Triple negative breast cancer (TNBC) is a particularly aggressive type of breast cancer defined by negative immunohistochemistry staining for the estrogen receptor (ER), progesterone receptor (PR), and human epidermal growth receptor 2 (HER2). TNBC accounts for approximately 20% of breast cancer diagnoses and is associated with early age of onset, aggressive disease biology and poor survival (1). Advanced TNBC has been historically managed with various cytotoxic chemotherapy agents.
TNBC is not a singular type of breast cancer, but rather a heterogenous mix of various cancer subtypes (2,3). An updated categorization of TNBC separates the disease into four subtypes: (I) luminal androgen receptor (LAR), (II) basal-like, (III) immune-enriched, and (IV) mesenchymal based on genomic profiling (4). There are a number of new promising new therapies in TNBC that are currently being researched with varying degrees of success, including: (I) immune-directed therapy with checkpoint inhibitors, (II) antibody-drug conjugates, (III) PARP inhibitors, and (IV) targeted therapies including agents inhibiting cell signaling through the androgen receptor (AR) or PIK3/AKT/mTOR pathway. Combination therapies among these classes of agents are also under investigation.

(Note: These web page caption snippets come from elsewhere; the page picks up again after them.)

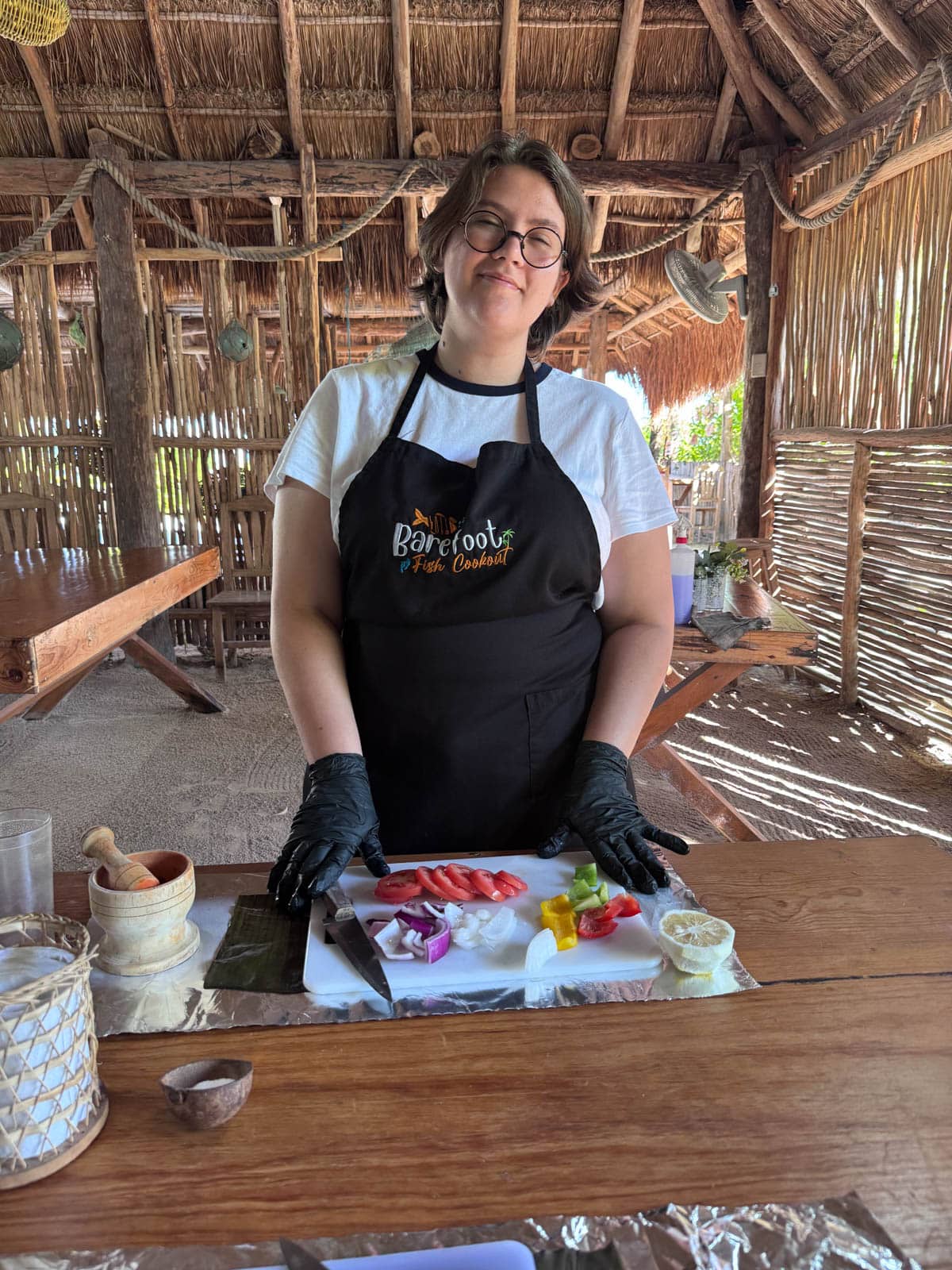 Woman with apron on in front of cutting board with vegetables.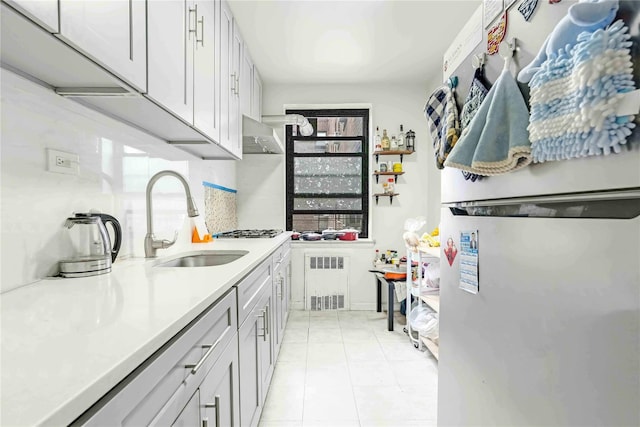 26-20 141st St Unit 4A, Flushing, NY 11354 - kitchen featuring freestanding refrigerator, a sink, radiator heating unit, light countertops, and light tile patterned flooring
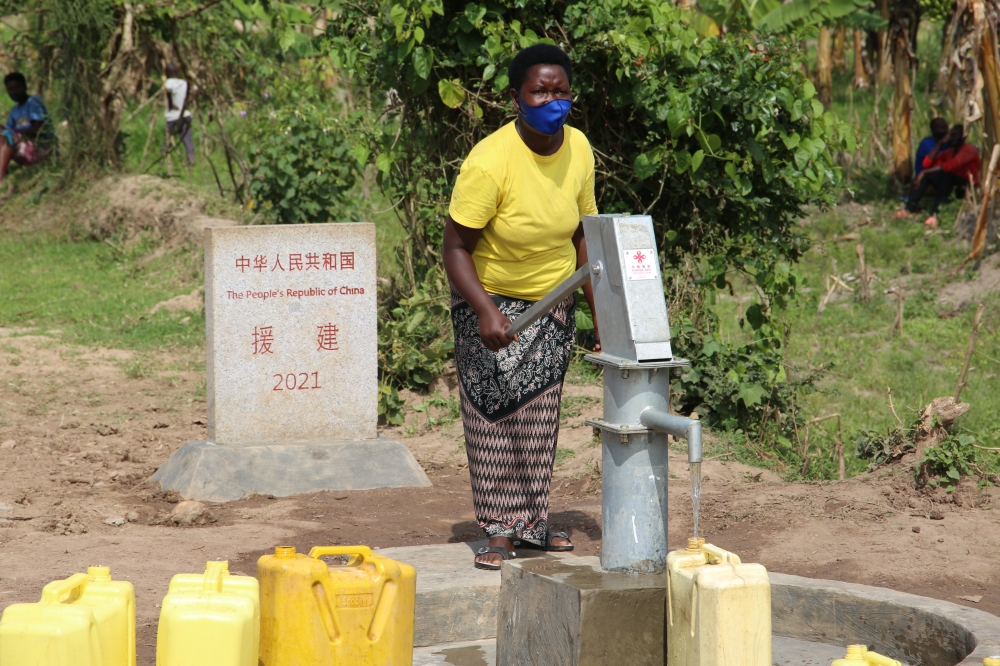 A woman fetching water at a borehole in Kirehe.Currently nearly 420 million Africans still lack basic drinking water today, or one in three inhabitants and 780 million people. Craish Bahizi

Novel therapies for TNBC are now demonstrating progression-free and modest overall survival (OS) benefits in some cases indicating a possible “light on the horizon”. Despite the emerging therapies, significant work to develop safer and more effective treatments for this aggressive form of breast cancer is warranted. We present the following article in accordance with the narrative review checklist (available at: http://dx.doi.org/10.21037/pcm-20-75).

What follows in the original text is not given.